Help Blocking Crawlers. Huge Spike in "Direct Visits" with 96% Bounce Rate & Low Pages/Visit.
-
Hello,
I'm hoping one of you search geniuses can help me.
We have a successful client who started seeing a HUGE spike in direct visits as reported by Google Analytics. This traffic now represents approximately 70% of all website traffic. These "direct visits" have a bounce rate of 96%+ and only 1-2 pages/visit. This is skewing our analytics in a big way and rendering them pretty much useless. I suspect this is some sort of crawler activity but we have no access to the server log files to verify this or identify the culprit. The client's site is on a GoDaddy Managed WordPress hosting account.
The way I see it, there are a couple of possibilities.
1.) Our client's competitors are scraping the site on a regular basis to stay on top of site modifications, keyword emphasis, etc. It seems like whenever we make meaningful changes to the site, one of their competitors does a knock-off a few days later. Hmmm.2.) Our client's competitors have this crawler hitting the site thousands of times a day to raise bounce rates and decrease the average time on site, which could like have an negative impact on SEO. Correct me if I'm wrong but I don't believe Google is going to reward sites with 90% bounce rates, 1-2 pages/visit and an 18 second average time on site.

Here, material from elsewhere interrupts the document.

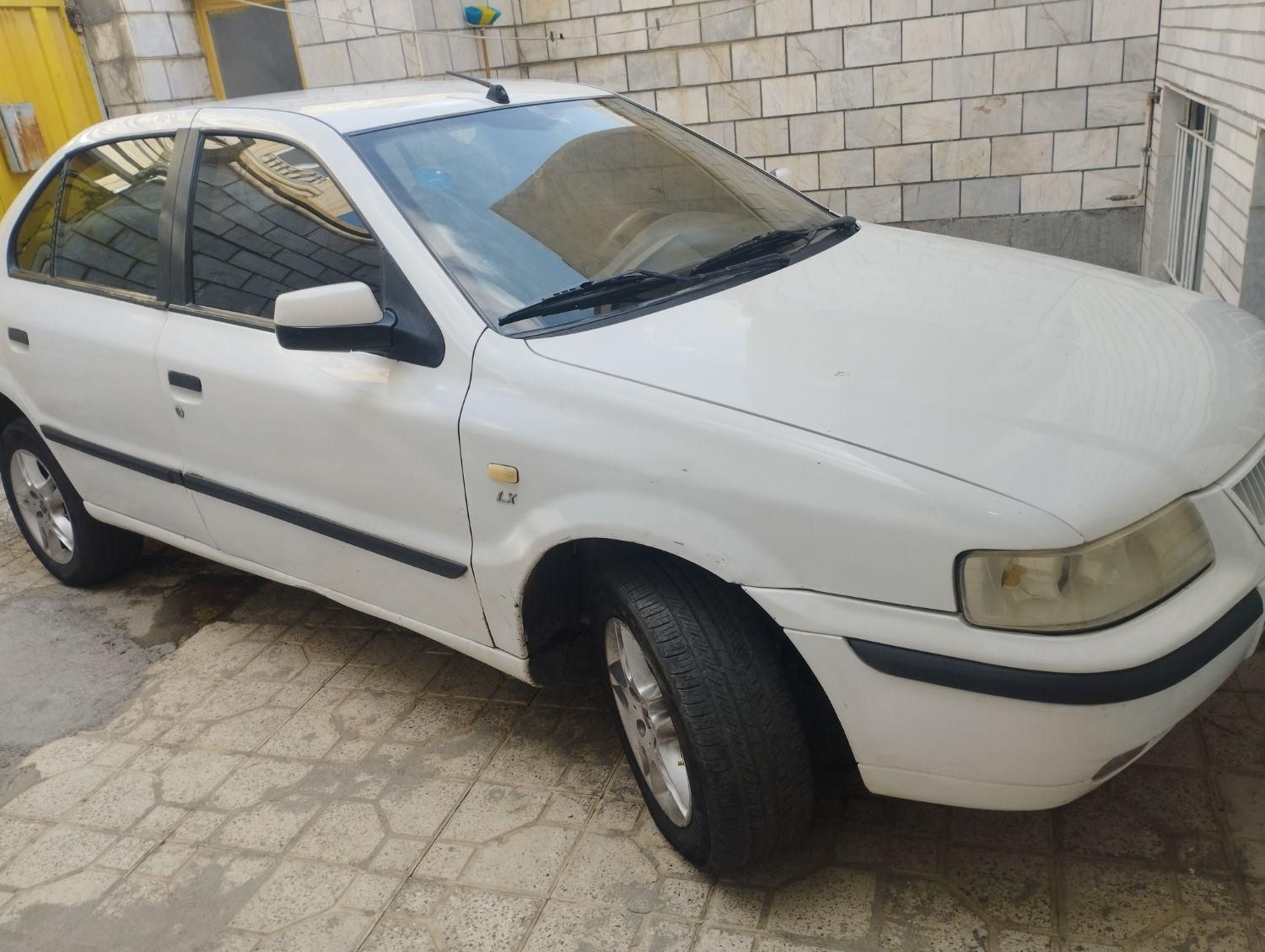 سمند LX XU7 - 1391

The bottom line is that we need to identify these bogus "direct visits" and find a way to block them. I've seen several WordPress plugins that claim to help with this but I certainly don't want to block valid crawlers, especially Google, from accessing the site.
If someone out there could please weigh in on this and help us resolve the issue, I'd really appreciate it. Heck, I'll even name my third-born after you.
Thanks for your help.
Eric
-
Hi SirMax,
Thanks for your input. I appreciate it. We'll add Wordfence to our WordPress toolbox and see if that addresses the issue.

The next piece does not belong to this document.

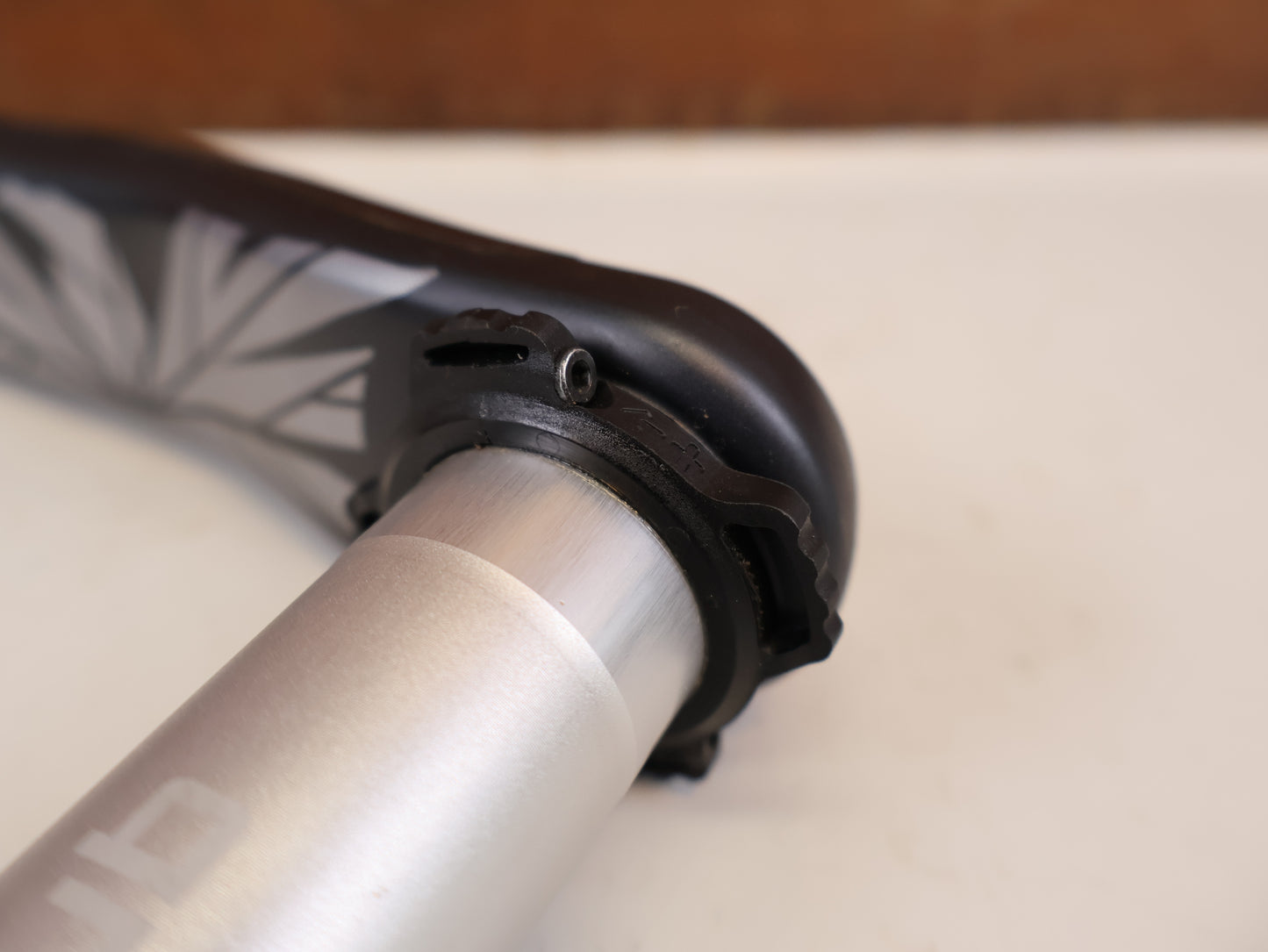 SRAM X01 EAGLE DUB CARBON KURBELARM LINKS 170 MM LUNAR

In response to previous posts, thanks to everyone for your input. We were able to apply some filters to remove the bogus bot traffic from the analytics and normalize the data, however, this did not actually resolve the issue and in my eyes is more of a BandAid fix. The evil crawlers are still there, we just can't see them.
Thanks again for all of your input.
Eric
-
Hostname filtering does not work any more. Unfortunately most of the spammers have adapted and are using your website as hostname.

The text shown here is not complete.